## Your assignment
Further down are entries; set down exactly and only the lines from the one with "Mole Mania: Amateur Cum Shots and Handjobs!" up to and including the one with "В Вильнюсе воду", dropping each picture.

## Source data
══════

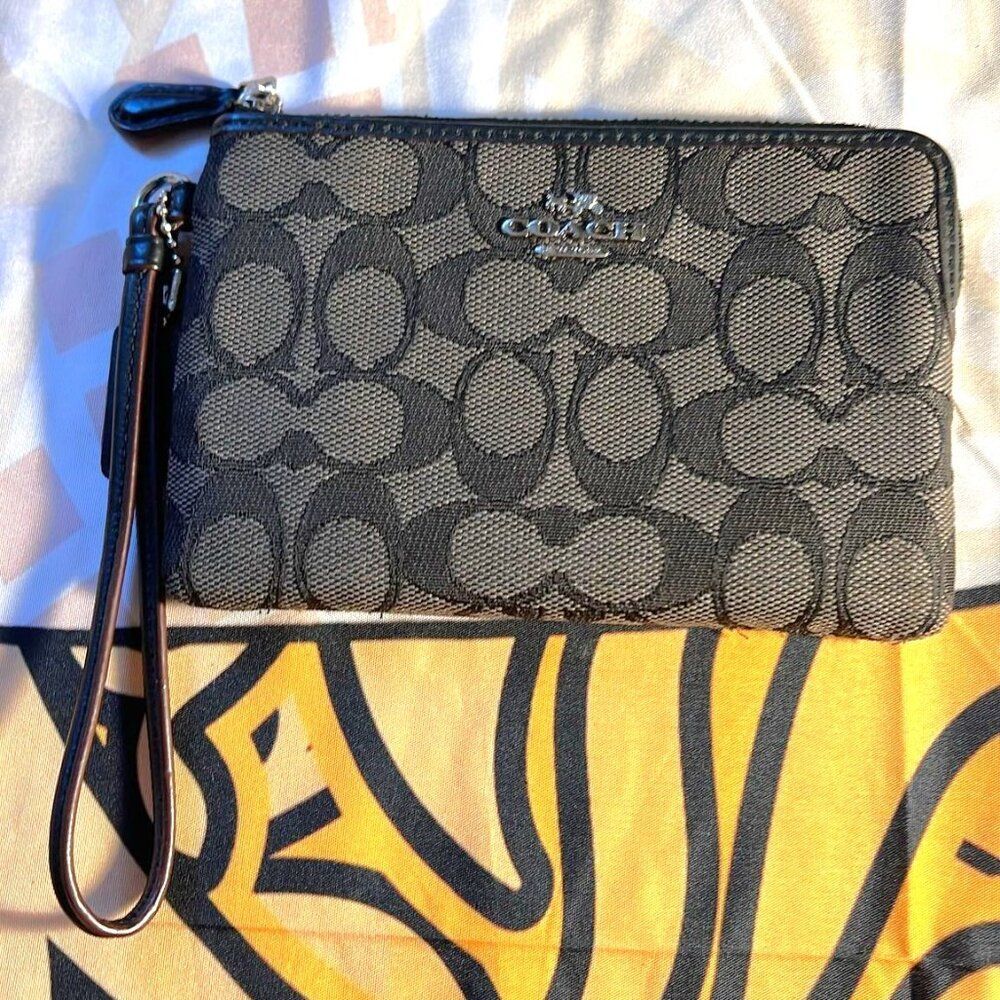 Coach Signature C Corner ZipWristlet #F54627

══════

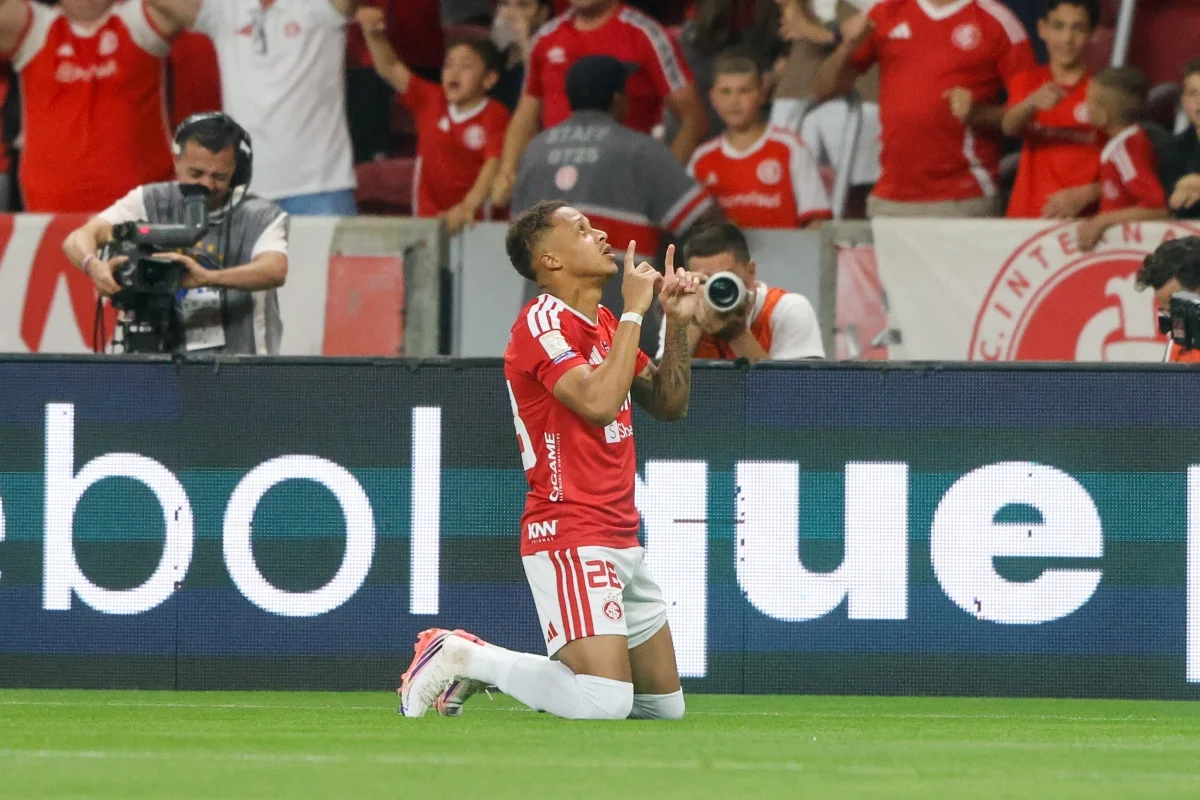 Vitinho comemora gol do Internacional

══════

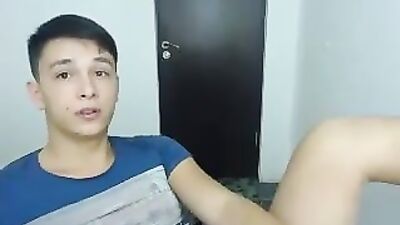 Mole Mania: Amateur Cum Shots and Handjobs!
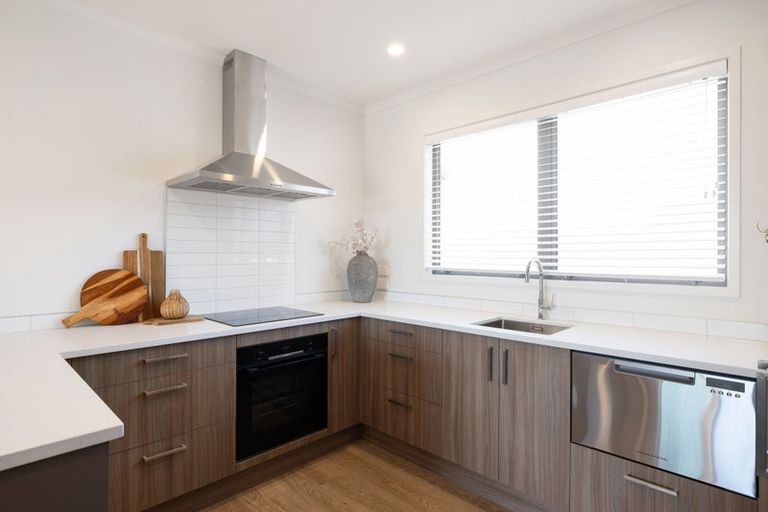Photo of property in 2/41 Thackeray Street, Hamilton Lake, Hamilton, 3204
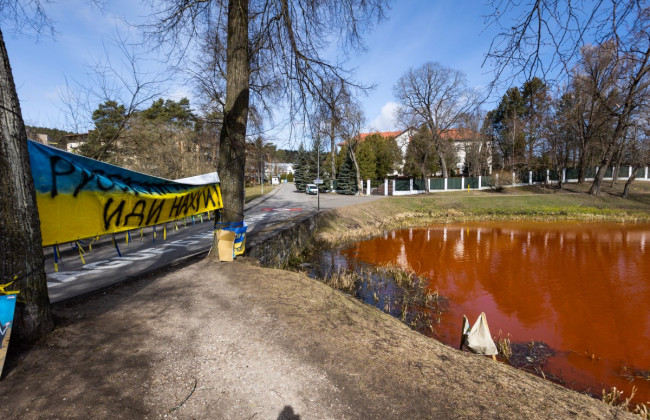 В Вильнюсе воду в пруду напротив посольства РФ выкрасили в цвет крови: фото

══════

## Exercise response
 Mole Mania: Amateur Cum Shots and Handjobs!
Photo of property in 2/41 Thackeray Street, Hamilton Lake, Hamilton, 3204
 В Вильнюсе воду в пруду напротив посольства РФ выкрасили в цвет крови: фото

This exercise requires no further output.